Difficultés liées à la production de l’écrit et de l’oral

Utiliser la langue, c’est échanger. Maîtriser une langue, c’est prendre en compte l’autre. On produit pour un interlocuteur ; or en classe, le plus souvent il est absent (écrit : l’élève s’exprime pour un professeur qui le lira … plus tard) ou il sait déjà (oral : l’élève s’exprime pour un professeur qui connaît déjà la réponse à sa question).
La réussite est plus aisée quand on produit pour un véritable interlocuteur, par exemple dans le cadre d’itinéraires de découverte : situation de communication entre élèves (ex : exposé collectif), production d’un écrit opérationnel (ex : brochure touristique)

Les activités langagières à vide sont inefficaces : il faut un enjeu. Privilégier les activités qui favorisent une situation de vraie communication.

La production est également limitée par les difficultés langagières (déjà envisagées précédemment)

L’élève qui sait qu’il a des difficultés à s’exprimer n’a aucune envie de prendre la parole ou de faire l’effort de produire un texte écrit.

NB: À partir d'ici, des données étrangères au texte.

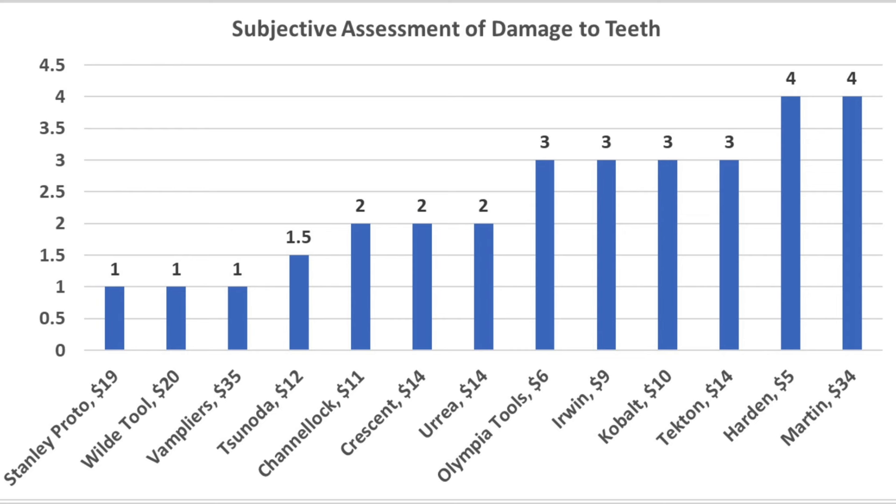While wear resistance is highly subjective, the Stanley Proto, Wild Tool, and Vamp pliers seem to hold up the best. However, the Sonoda pliers performed just about as well.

Enfin, pour toute production, l’élève a un préjugé du « code » attendu par le professeur et se fie à des automatismes auxquels on l’a formé (liés à la nature de l’enseignement et aux exigences formelles de l’enseignant) : certains exigent une phrase construite ; d’autres se contentent du mot exprimant la bonne réponse.

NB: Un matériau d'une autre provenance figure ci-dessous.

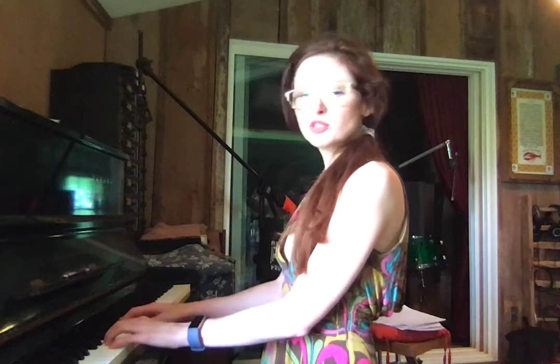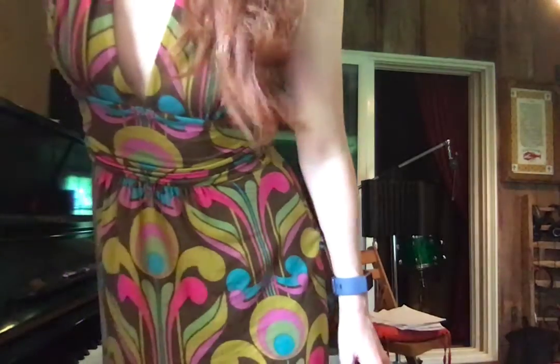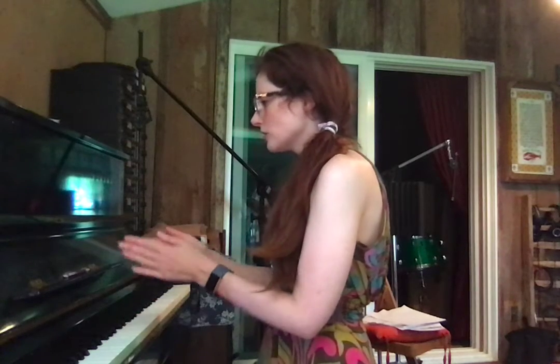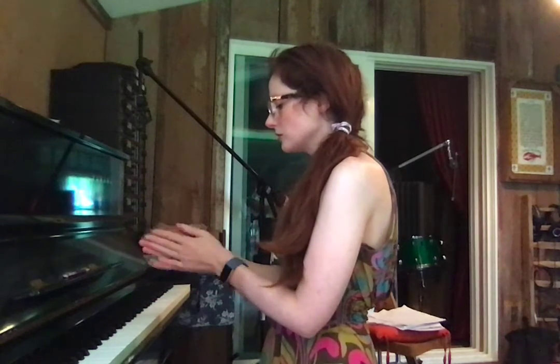Here we go. Ready, set. I'm going to do it a little faster than I did it. Sorry — oh, you know what? Hold on. There you go, maybe you can see it now better. Okay, so here we go. I'm going to go one, two, three, four. One, two, three, four. Here we go. Ready, go.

Bannir, non les QCM et phrases à trous, mais leur utilisation automatique et irraisonnée ; penser à expliciter la nature de la tâche demandée ; harmoniser entre professeurs les exigences quant à la production (sans pour autant les standardiser)

 


 

 

Difficultés liées à la compréhension des consignes


Capacités d’écoute et de lecture attentive de l’élève (essayez vous-mêmes ce petit exercice inspiré par De Vecchi).

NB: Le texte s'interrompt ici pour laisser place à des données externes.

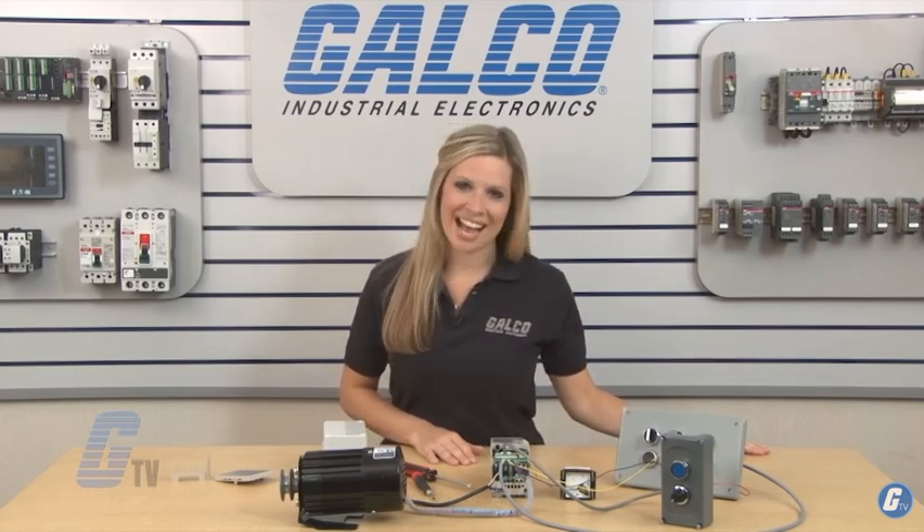Yaskawa V1000 drives, along with thousands of other products and services, are available at galco.com.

Verbes d’action imprécis, « mentalistes » : ex : analyser, expliquer, justifier, interpréter, argumenter… Quelle tâche précise met-on derrière ces termes ? La vérification de leur sens précis dans le dictionnaire peut être utile… également au professeur !
Verbes d’action polysémiques (sens différent suivant les disciplines) : ex : situer (temps, espace, rapport à des paramètres…) : des rencontres vraiment professionnelles entre professeurs (c’est à dire au-delà d’une simple conversation à la récréation) sont indispensables pour cerner cette polysémie et s’informer mutuellement des attentes disciplinaires quant à ces termes.
Rythme de locution et registre linguistique du professeur : seule l’écoute des élèves permet d’adapter ce rythme et de ménager la nécessaire progression vers une plus grande rapidité et une langue plus riche (voir à ce sujet les méthodes audio-visuelles de langues étrangères, qui cherchent un compromis entre lenteur initiale permettant l’accroche et vitesse d’élocution proche de la situation réelle).